不祥事をバネに立ち直る企業も多いが… 

日本郵便が起こした不祥事は、全特にとって都合がよかったようにも見える。

今年6月の株主総会で日本郵政トップの首がすげ替わることになったからだ。総会では、増田寛也氏がトップを退任し、後任として日本郵便の根岸一行常務執行役員が就任する予定。

根岸氏は1994年に旧郵政省に入省した元郵政官僚。全特のような特殊な組織を知り尽くしているだろう。増田氏は郵便局の統廃合に言及し、全特から猛反発を食らった過去がある。
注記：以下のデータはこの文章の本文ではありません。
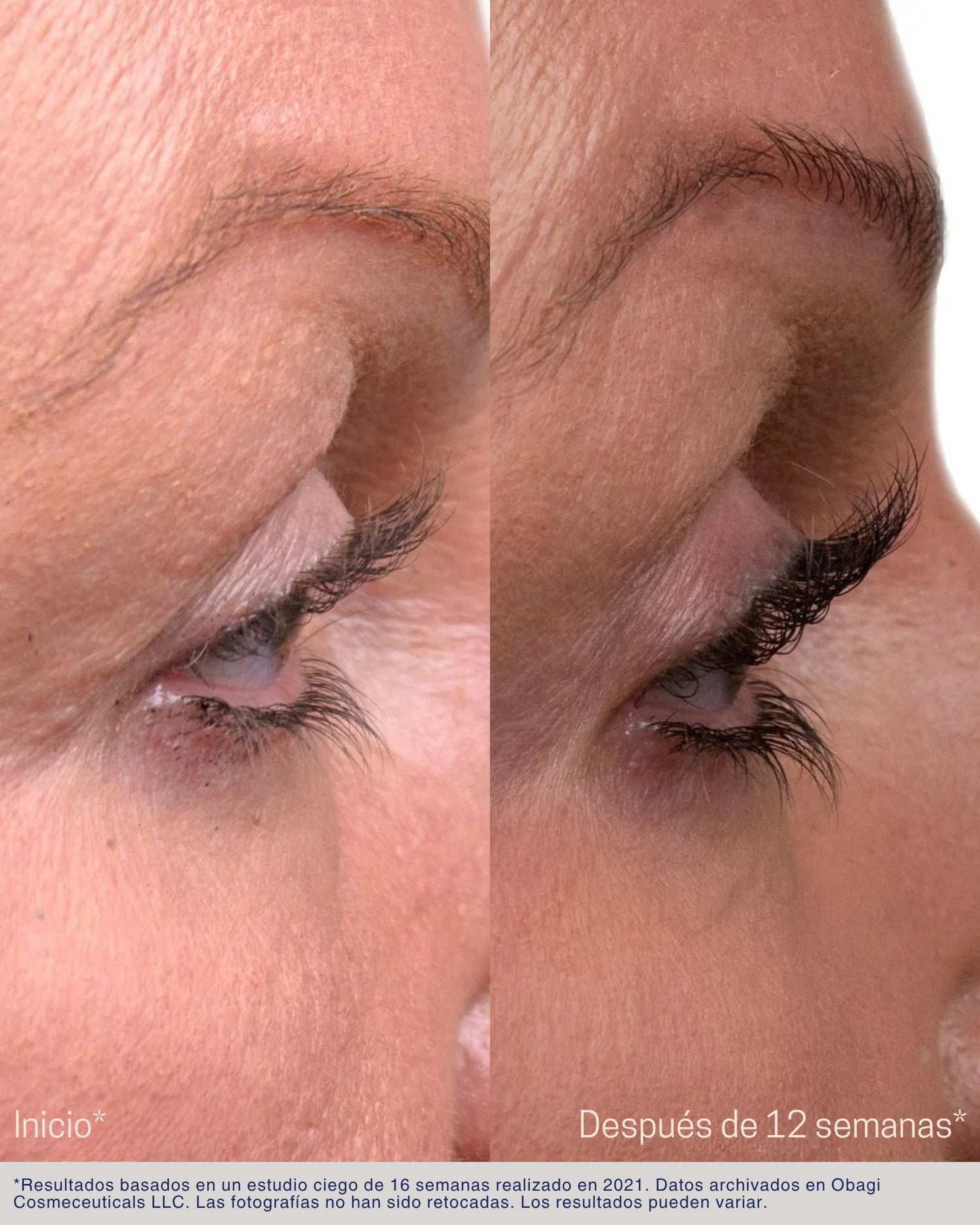 Nu-Cil® Eyelash Enhancing Serum Obagi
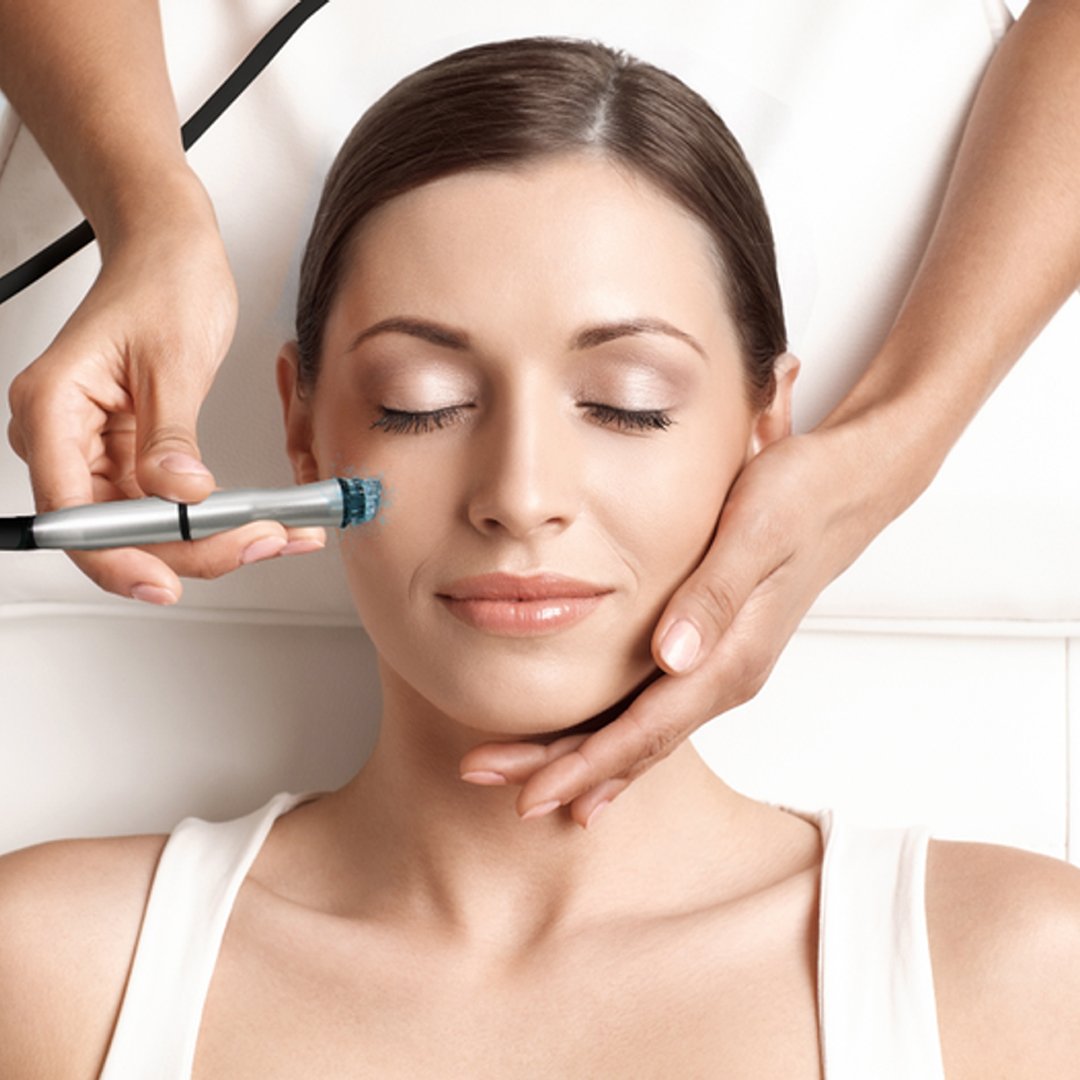 ybeauty spa pembroke pines - Microdermabrasion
元郵政官僚の根岸氏が大胆な経営改革に着手するとは考えづらい。しかも、右腕となる日本郵便の社長も元郵政官僚の小池信也氏の就任が予定されているのだ。

ことなかれ主義の官業回帰が見え隠れする。

巨大企業が不祥事を機に生まれ変わることは珍しくない。期限切れ鶏肉偽装が発覚した「マクドナルド」や、集団食中毒が発生した「雪印」がそうだった。逆境をバネに今では強いブランドに生まれ変わっている。

日本郵政は民営化を果たしたにもかかわらず、信頼回復の途上で与党から支援策が打ち出されるという不可思議な企業だ。郵便局のネットワークを維持することの是非を、真剣に議論する時期が訪れているように見える。